● **DATASET RECORDS**
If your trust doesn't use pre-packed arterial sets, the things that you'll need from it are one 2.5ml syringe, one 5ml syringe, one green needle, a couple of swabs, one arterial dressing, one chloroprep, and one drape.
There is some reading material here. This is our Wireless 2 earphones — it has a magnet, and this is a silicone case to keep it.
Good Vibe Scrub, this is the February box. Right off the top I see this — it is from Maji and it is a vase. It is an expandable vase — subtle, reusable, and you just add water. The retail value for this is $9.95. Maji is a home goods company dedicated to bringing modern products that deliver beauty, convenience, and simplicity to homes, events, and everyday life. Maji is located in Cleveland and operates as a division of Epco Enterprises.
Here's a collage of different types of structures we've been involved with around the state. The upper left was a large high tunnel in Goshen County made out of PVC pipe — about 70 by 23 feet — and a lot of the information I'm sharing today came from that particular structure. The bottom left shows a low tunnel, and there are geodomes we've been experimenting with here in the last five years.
--
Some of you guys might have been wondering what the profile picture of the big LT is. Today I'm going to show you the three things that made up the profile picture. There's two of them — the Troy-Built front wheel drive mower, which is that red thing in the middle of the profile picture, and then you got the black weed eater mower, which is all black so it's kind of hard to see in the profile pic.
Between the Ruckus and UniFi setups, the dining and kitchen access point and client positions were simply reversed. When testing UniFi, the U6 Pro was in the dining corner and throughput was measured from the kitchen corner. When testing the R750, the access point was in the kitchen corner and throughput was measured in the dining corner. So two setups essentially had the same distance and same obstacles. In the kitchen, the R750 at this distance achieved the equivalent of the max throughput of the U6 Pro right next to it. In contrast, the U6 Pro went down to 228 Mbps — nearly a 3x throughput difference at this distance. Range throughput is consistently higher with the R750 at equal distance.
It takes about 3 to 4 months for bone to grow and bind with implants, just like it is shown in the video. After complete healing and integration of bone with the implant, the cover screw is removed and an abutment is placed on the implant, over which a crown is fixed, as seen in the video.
* * *
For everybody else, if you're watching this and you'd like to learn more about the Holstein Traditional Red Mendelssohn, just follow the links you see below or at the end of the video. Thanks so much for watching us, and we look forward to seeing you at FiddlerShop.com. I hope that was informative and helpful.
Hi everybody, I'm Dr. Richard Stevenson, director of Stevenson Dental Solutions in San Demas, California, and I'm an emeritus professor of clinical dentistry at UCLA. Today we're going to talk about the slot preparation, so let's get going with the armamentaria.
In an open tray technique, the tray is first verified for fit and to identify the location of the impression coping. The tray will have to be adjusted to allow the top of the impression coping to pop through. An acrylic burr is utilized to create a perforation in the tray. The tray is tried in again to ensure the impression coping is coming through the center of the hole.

● **EXERCISE AIM**
Look above for the line with "If your trust" and the line with "There is some". Retype those two lines and every line between them exactly, adding nothing.

● **REPLY**
If your trust doesn't use pre-packed arterial sets, the things that you'll need from it are one 2.5ml syringe, one 5ml syringe, one green needle, a couple of swabs, one arterial dressing, one chloroprep, and one drape.
There is some reading material here. This is our Wireless 2 earphones — it has a magnet, and this is a silicone case to keep it.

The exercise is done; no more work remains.